In terms of the rights which are transferred as a result of the pledge, there are many rights which belong to the policyholder which are known as personal rights, such as the rights to surrender or to an advance.
The right to surrender is the right to surrender the policy, in whole or in part. The right to an advance is the right to ask the insurer for an advance, i.e. for sums as an advance on the premiums invested and on the claim which he has against the insurer. A related question is what we call the transfer of the right to switch. What is switching? Switching is the policyholder's right to choose which assets will act as the underlying for his life insurance policy. Thus, it is very important that this choice is formally recorded, because the value of the security is based above all on the assets, and the nature of the assets invested. The bank will treat the loan differently, depending on whether you invest in shares or in bonds. So, we need to be able to control the policyholder’s possible divestment choices.
Another important point concerns the nomination of the beneficiary of the insurance policy. It is important to know whether or not you have nominated a beneficiary in your insurance policy. From the moment when you offer it as security, and if the beneficiary does not accept this, the beneficiary's right to benefit under the policy is revoked. So, this continues to have a fundamental impact on the policyholder's rights. If the benefit of the policy is accepted inadvertently, then it would indeed have priority over the beneficiary clause initially decided upon. It is very important, in practice, to review all the terms and conditions in the beneficiary clause.
Are there any other consequences? One other consequence is that the savings are certainly tied up for so long as the loan is guaranteed or until it is repaid. The difficulty is always to match the termination of the loan and the termination of the life insurance policy. There are some quite simple provisions which can be included in policies and which regulate the different contractual terminations. There is no problem where the loan agreement expires before the insurance policy. However, if the insurance policy expires before the loan agreement, there must be an adjustment - and possibly a renewal - of the policy and/or some other type of security must be offered.
Q4. Are there any specifics for Luxembourg?

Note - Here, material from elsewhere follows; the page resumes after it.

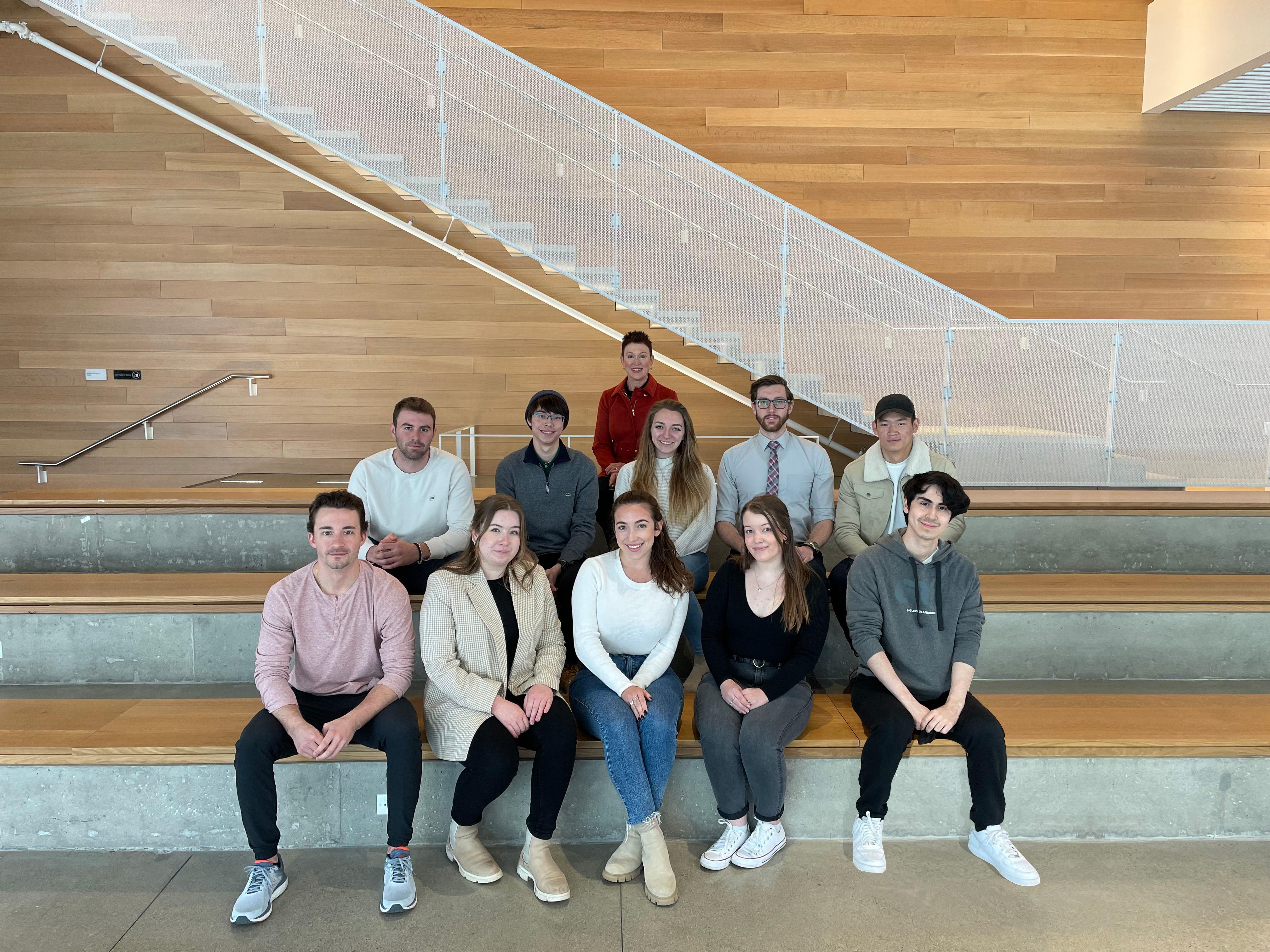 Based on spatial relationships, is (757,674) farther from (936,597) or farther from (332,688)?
(332,688)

In the Grand Duchy of Luxembourg, we are geographically very close to our national borders. Out of necessity, we very often have to use the law of our neighbouring countries. A difficulty arises when there is a foreign component in a contractual relationship, i.e. when I have, for example, a policyholder who is French, an insurer which is a Luxembourg company, and a bank which is French. In such cases, the question arises as to the law applicable when the policy is used as security. It is important to understand that although the life insurance sector is highly regulated by Solvency, distribution, etc., and by all the PRIIPS (Packaged Retail and Insurance-based Investment Products) and KID (Key Information Documents) regulations, at the European Union level there are no provisions for the use of policies as security. Since guarantees are not regulated by directives or regulations, we must rely on private international law under which we will have to work on the basis of foundations which we know from international relations.

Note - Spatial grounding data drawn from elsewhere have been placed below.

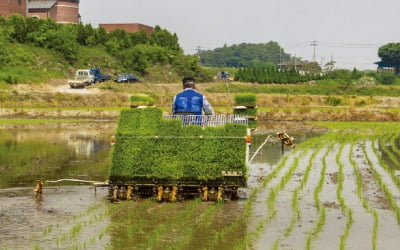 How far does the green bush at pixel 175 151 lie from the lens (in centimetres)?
1650

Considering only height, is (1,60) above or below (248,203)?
above

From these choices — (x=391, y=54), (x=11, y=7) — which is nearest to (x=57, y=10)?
(x=11, y=7)

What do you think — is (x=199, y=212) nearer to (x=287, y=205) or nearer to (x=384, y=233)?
(x=287, y=205)

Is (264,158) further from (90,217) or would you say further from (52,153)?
(90,217)

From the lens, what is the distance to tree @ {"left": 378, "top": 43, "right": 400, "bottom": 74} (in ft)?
428

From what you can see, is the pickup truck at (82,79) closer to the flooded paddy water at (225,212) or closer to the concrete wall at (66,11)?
the concrete wall at (66,11)

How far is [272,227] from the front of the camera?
13.7 metres

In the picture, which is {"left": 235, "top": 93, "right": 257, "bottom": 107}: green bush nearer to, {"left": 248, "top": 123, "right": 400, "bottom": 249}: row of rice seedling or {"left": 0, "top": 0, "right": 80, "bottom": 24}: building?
{"left": 248, "top": 123, "right": 400, "bottom": 249}: row of rice seedling

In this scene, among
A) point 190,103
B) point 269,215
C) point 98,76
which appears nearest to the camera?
point 269,215

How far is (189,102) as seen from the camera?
17.7 m

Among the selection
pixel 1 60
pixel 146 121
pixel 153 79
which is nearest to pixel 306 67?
pixel 153 79

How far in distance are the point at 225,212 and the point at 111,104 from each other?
45.6 meters

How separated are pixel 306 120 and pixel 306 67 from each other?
77.2 metres

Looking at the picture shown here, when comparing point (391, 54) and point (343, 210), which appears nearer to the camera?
point (343, 210) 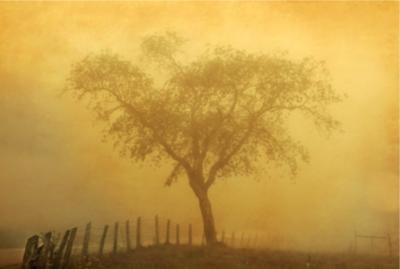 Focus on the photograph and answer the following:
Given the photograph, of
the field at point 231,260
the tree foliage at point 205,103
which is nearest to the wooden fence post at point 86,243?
the field at point 231,260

Q5. What are the key elements to consider?
The advantage of assignments over pledges is that the each of the former is always a new independent commitment and this gives greater security when dealing with credit risk. Also, assignment means that it is not possible to raise objections to non-payment.

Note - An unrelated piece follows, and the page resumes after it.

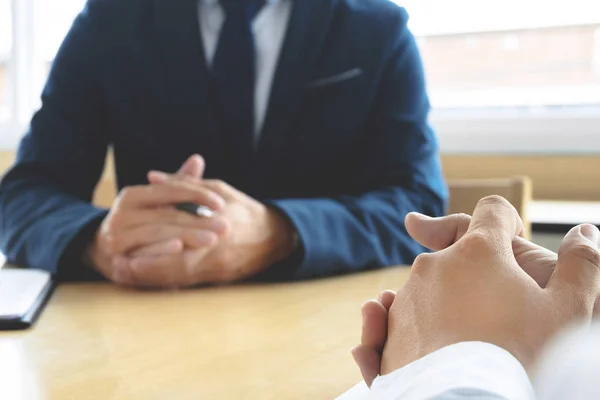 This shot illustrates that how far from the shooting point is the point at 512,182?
4.07ft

There are many issues we may have to discuss in terms of creating guarantees. Is the original obligation still in force? Am I not able to raise objections to this or that fact, or to this or that legal event, such as bankruptcy? It is important to know that if the policyholder is bankrupt, an assignment will still be effective, whereas in the case of a pledge, the latter will terminate in the event of bankruptcy of the policyholder. Thus, the lending bank can rely on greater security. The insurer itself may also prefer a pledge. Why? Because this keeps more to the original contractual relationship, and does not constitute an additional commitment.